Manuel Castillo: quando la pasta si trasforma in esperienza cosmopolita

Manuel Castillo è un ragazzone di 29 anni che potrebbe benissimo essere uno dei quei piloni belli tosti in una squadra di rugby di alta serie. In realtà, è lo chef patron de La Ca’ di Sass, a Suzzano di Rivergaro, nel piacentino. Insieme al suo Executive Pietro Maini, si divertono a concepire un fine dining senza freni. Manuel inizia a cucinare in osteria, ma si perfeziona quasi totalmente da autodidatta su questo stile, dopo un periodo a Cà Matile con Andrea Incerti Vezzani. È talmente curioso, il nostro cuoco, che non ha uno stile definibile, ma continua a virare tra il nordico, l’orientale, il francese, il mediterraneo e l’esotico, facendo onore alla sua patria natia, cioè Santo Domingo. Questo cosmopolitismo non porta a una cultura del piatto-firma a tutti i costi, ma lascia galoppare la creatività, con alcuni punti saldi: l’uso del pesce frollato e un dessert, in carta da sempre, chiamato Don’t worry be happy (Cake alle mandorle, chantilly di ricotta, gelato al polline, spuma alla camomilla e tuile all’arancia). E la pasta? Beh, chef Castillo se ne è letteralmente innamorato, o meglio, si è affezionato ai profumi del grano e alla consistenza al dente, cosa sconosciuta a Santo Domingo, dove si stracuoce sempre ogni formato.

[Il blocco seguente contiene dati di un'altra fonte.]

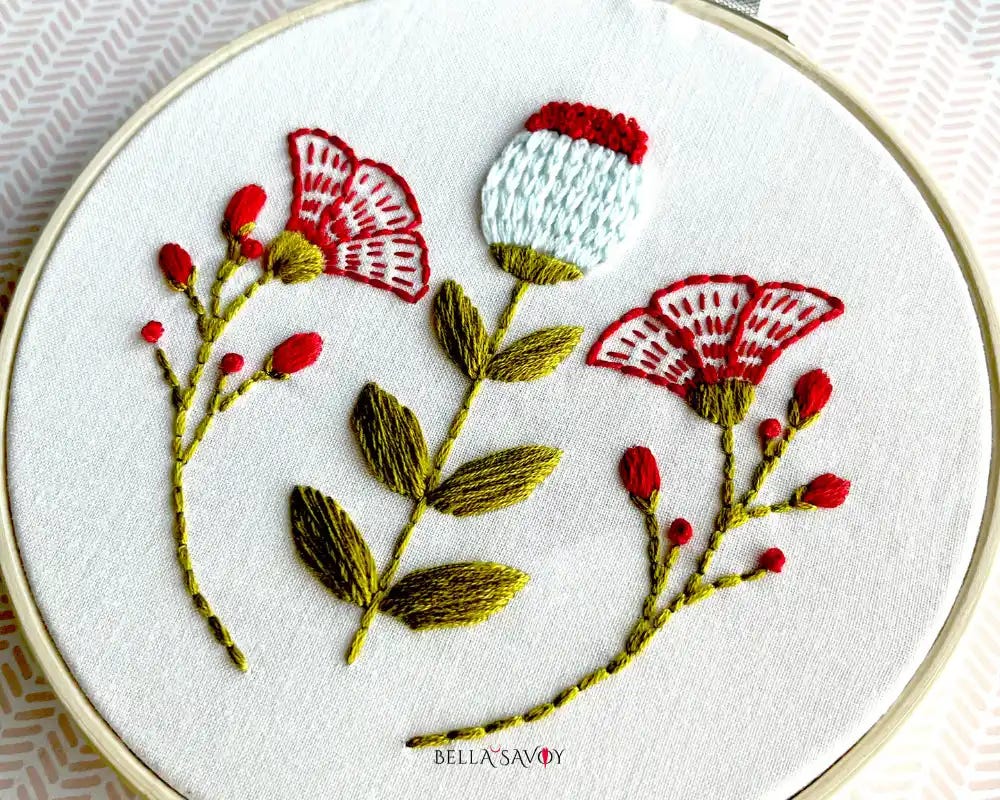 Scandinavian floral embroidery design on a hoop created with 5 basic embroidery stitches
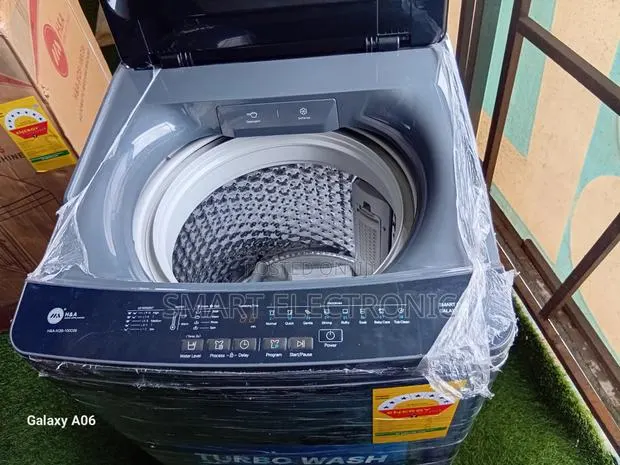 Elegant Black Top Load Washing Machine · Photo 1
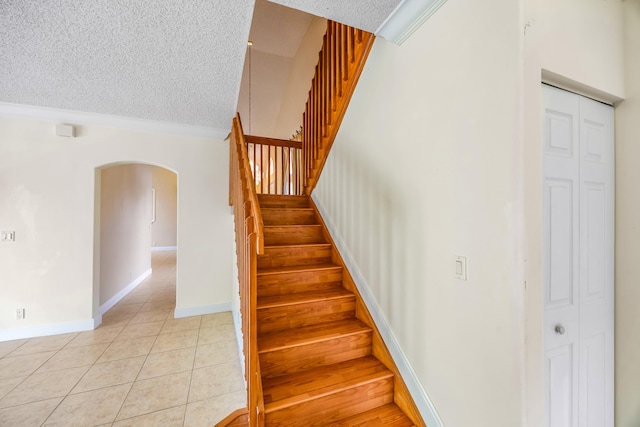 staircase with baseboards, arched walkways, a textured ceiling, and tile patterned floors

Tra una Carbonara e una Aglio, olio e peperoncino, gustate a più non posso e tutt’ora favorite, oggi alla Ca’ di Sass si trovano quasi sempre tutte le tipologie: secca, fresca e gnocchi, anche come omaggio all’Emilia Romagna. Per esempio, in menù si possono scegliere Bottoni ripieni di grana di capra e pecorino, erbe locali (crescioni, ortiche), fragole e fave o Crepes (come ricordo dei nidi di rondine) ripiene di coniglio alla ligure, riduzione di panna, polvere cappero o ancora Gnocchi di pisello, salsa americana (a base di scampo e brodo di pollo), crudo di scampo, aria di mare, salicornia e piselli freschi. Per il progetto al Bronzo, concettualmente, Barilla pensa a una pasta che acchiappi il sugo e chef Manuel voleva che uscisse questa peculiarità nel piatto. Per questo, ha usato due liquidi (sake e acqua di cannolicchi) che esaltassero tale qualità, unendosi all’amido della pasta e aggrappandosi bene allo spaghetto. Nasce così lo Spaghetto quadrato Barilla al Bronzo con cannolicchi, taccole, miso e tagete (foglie e fiore). Viene usato, come base, un olio con aglio e peperoncino infusi, per ricordare la pasta “test” che lo chef usa per esaltare la bontà del grano nelle paste al bronzo, ma anche un imprinting indelebile col fiore del grano, che tanto ha colpito questo ragazzone, appena arrivato da Santo Domingo.